### AIM OF THE EXERCISE
Only the text of the records belongs in the answer; the pictures must be dropped.

Short text fragments from websites
----
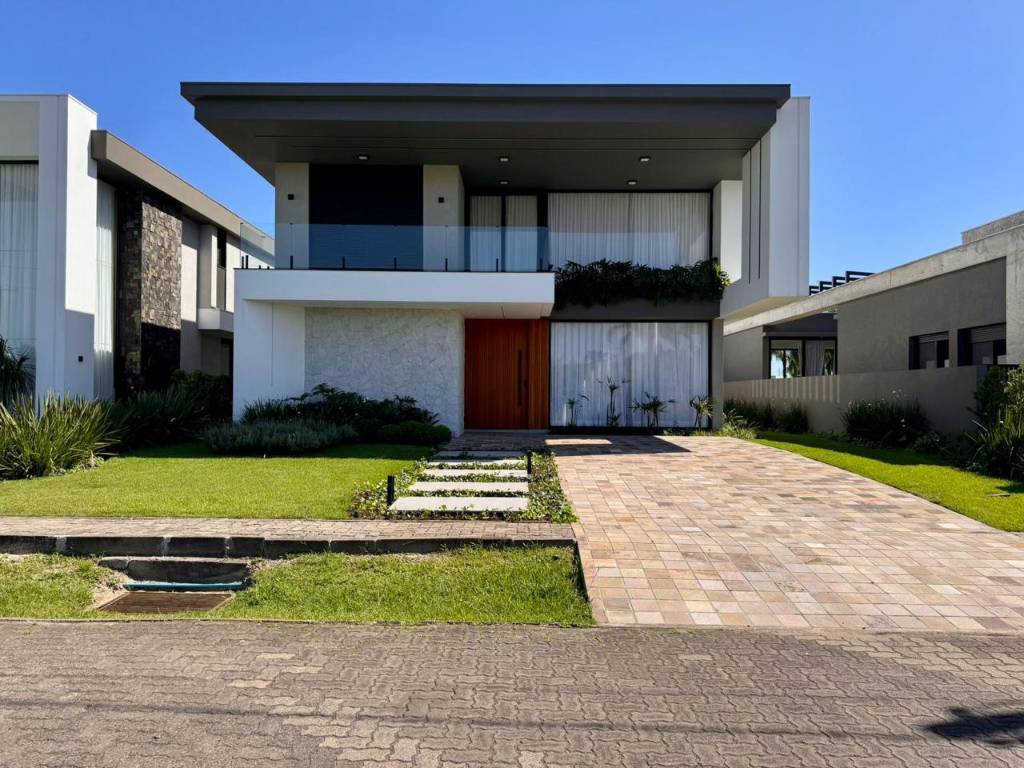 Casa em Condomínio 5 dormitórios para venda, Parque Antártica em Capão da Canoa | Ref.: 16179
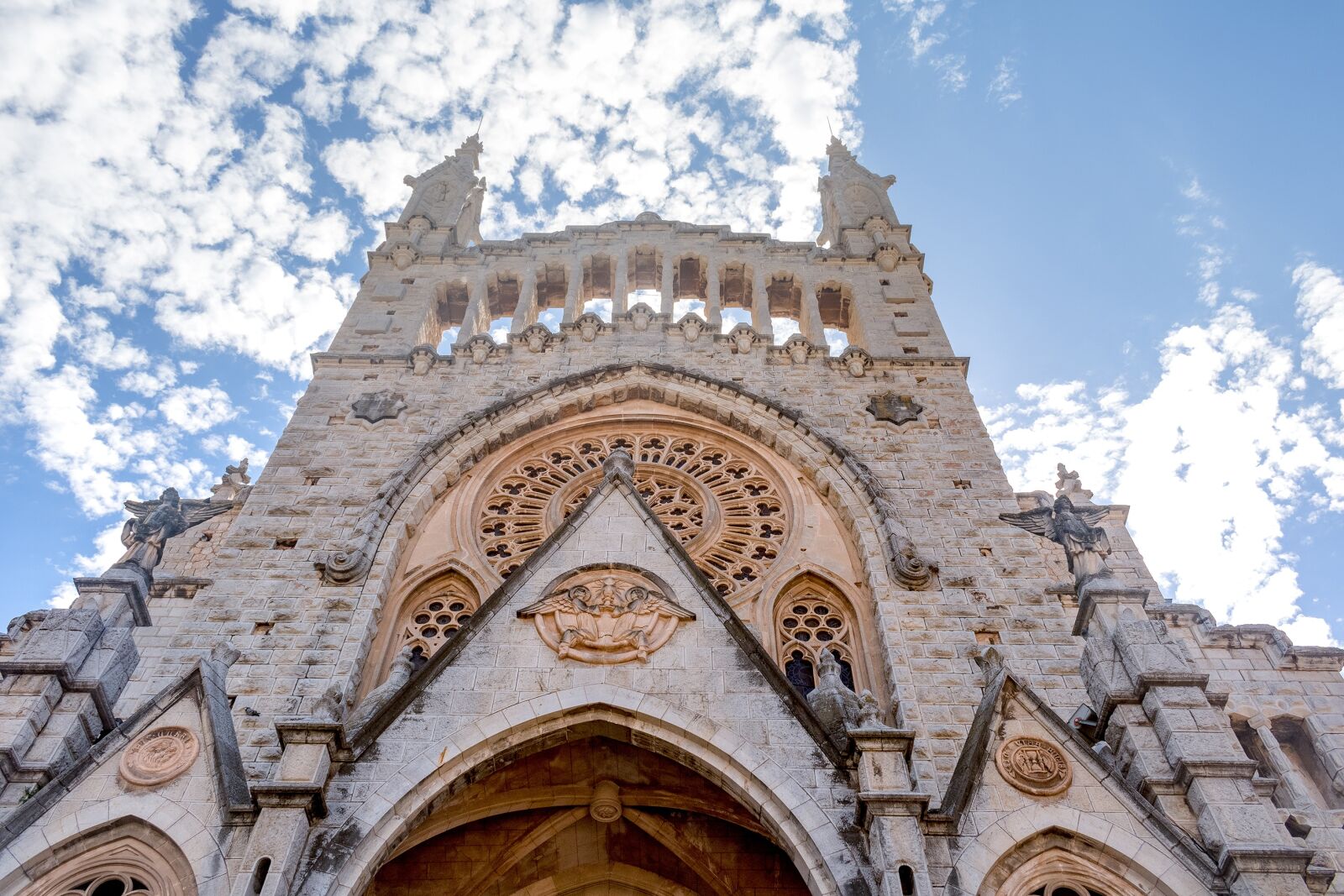 Canon EOS 750D (EOS Rebel T6i / EOS Kiss X8i) sample photo. Mallorca, sóller, architecture photography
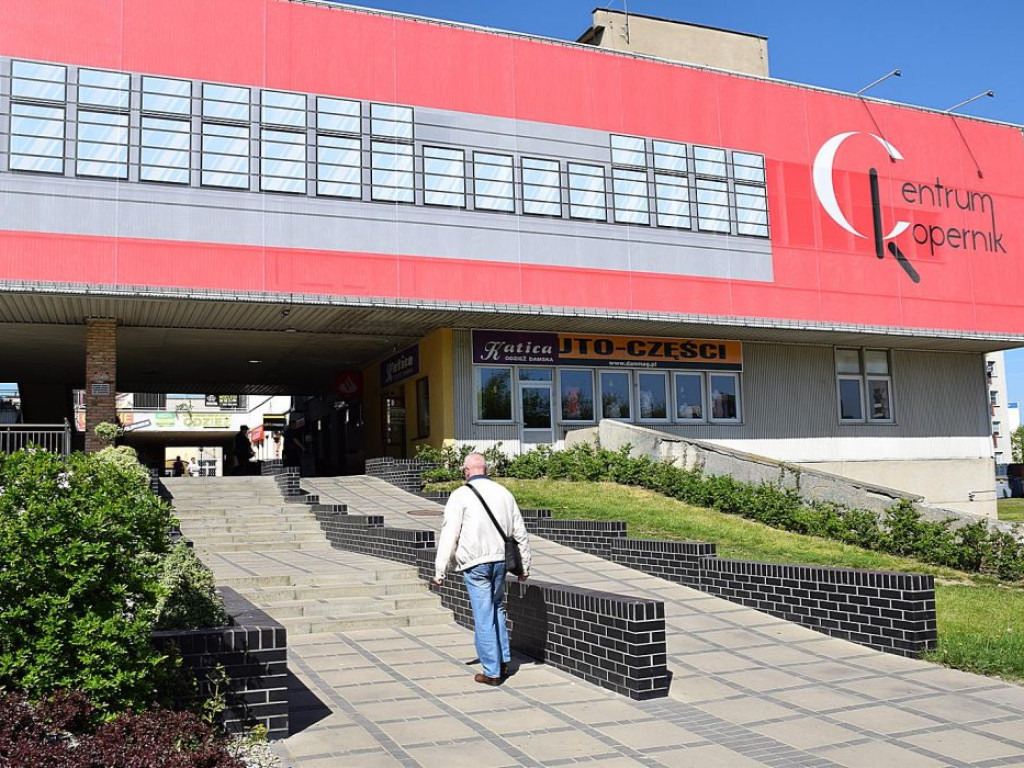 Centrum Kopernik przyciąga wzrok czerwienią. Jest ładnie, a to dopiero początek?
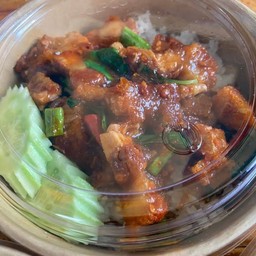 พริกแกงหมูกรอบราดข้าว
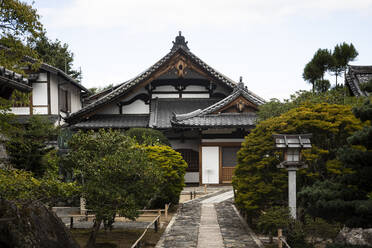Japan, Präfektur Kyoto, Stadt Kyoto, Japanischer Garten eines buddhistischen Tempels - ABZF02803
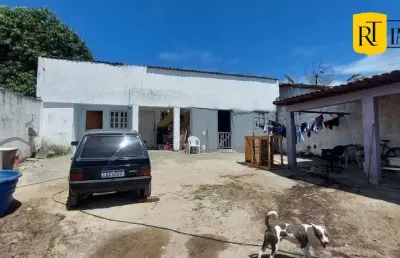 Casa dividida em 3 kitnets à venda na rua do fogo em são pedro da aldeia/rj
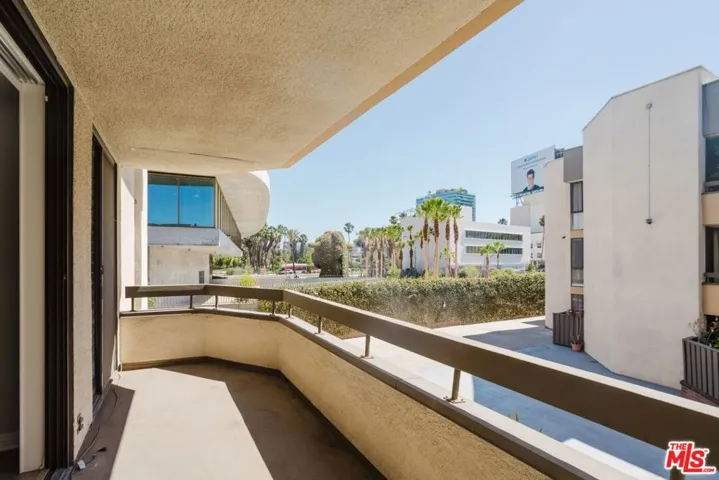 750 S Spaulding Avenue 214, Los Angeles, California 90036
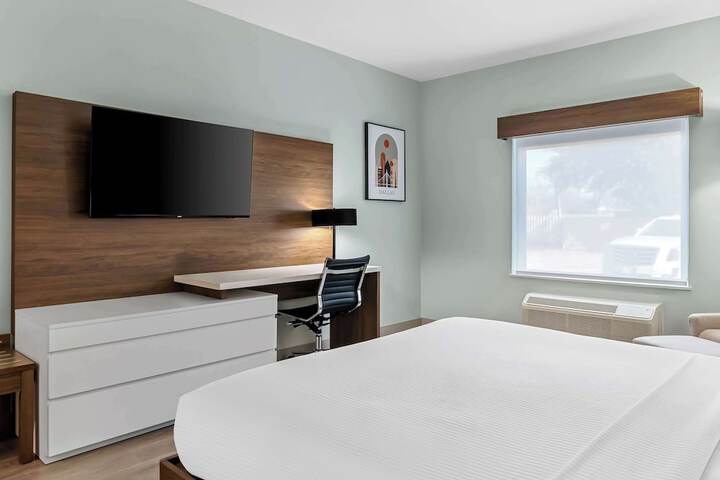 Standard | King Bed (14 of 17)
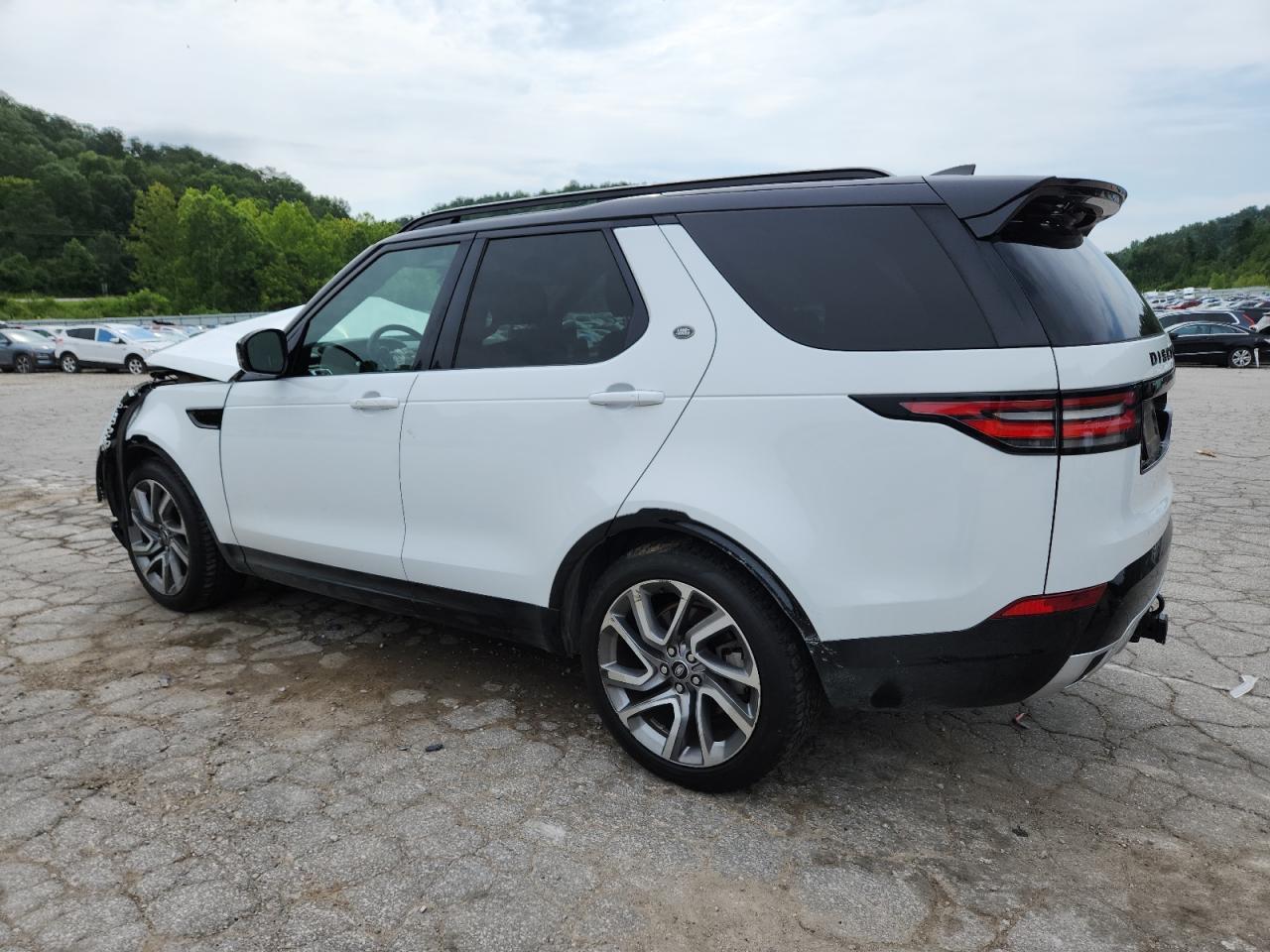 2020 Land Rover Discovery Landmark - Image 2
----
### RESULT
 Casa em Condomínio 5 dormitórios para venda, Parque Antártica em Capão da Canoa | Ref.: 16179
 Canon EOS 750D (EOS Rebel T6i / EOS Kiss X8i) sample photo. Mallorca, sóller, architecture photography
 Centrum Kopernik przyciąga wzrok czerwienią. Jest ładnie, a to dopiero początek?
 พริกแกงหมูกรอบราดข้าว
Japan, Präfektur Kyoto, Stadt Kyoto, Japanischer Garten eines buddhistischen Tempels - ABZF02803
 Casa dividida em 3 kitnets à venda na rua do fogo em são pedro da aldeia/rj
 750 S Spaulding Avenue 214, Los Angeles, California 90036
 Standard | King Bed (14 of 17)
 2020 Land Rover Discovery Landmark - Image 2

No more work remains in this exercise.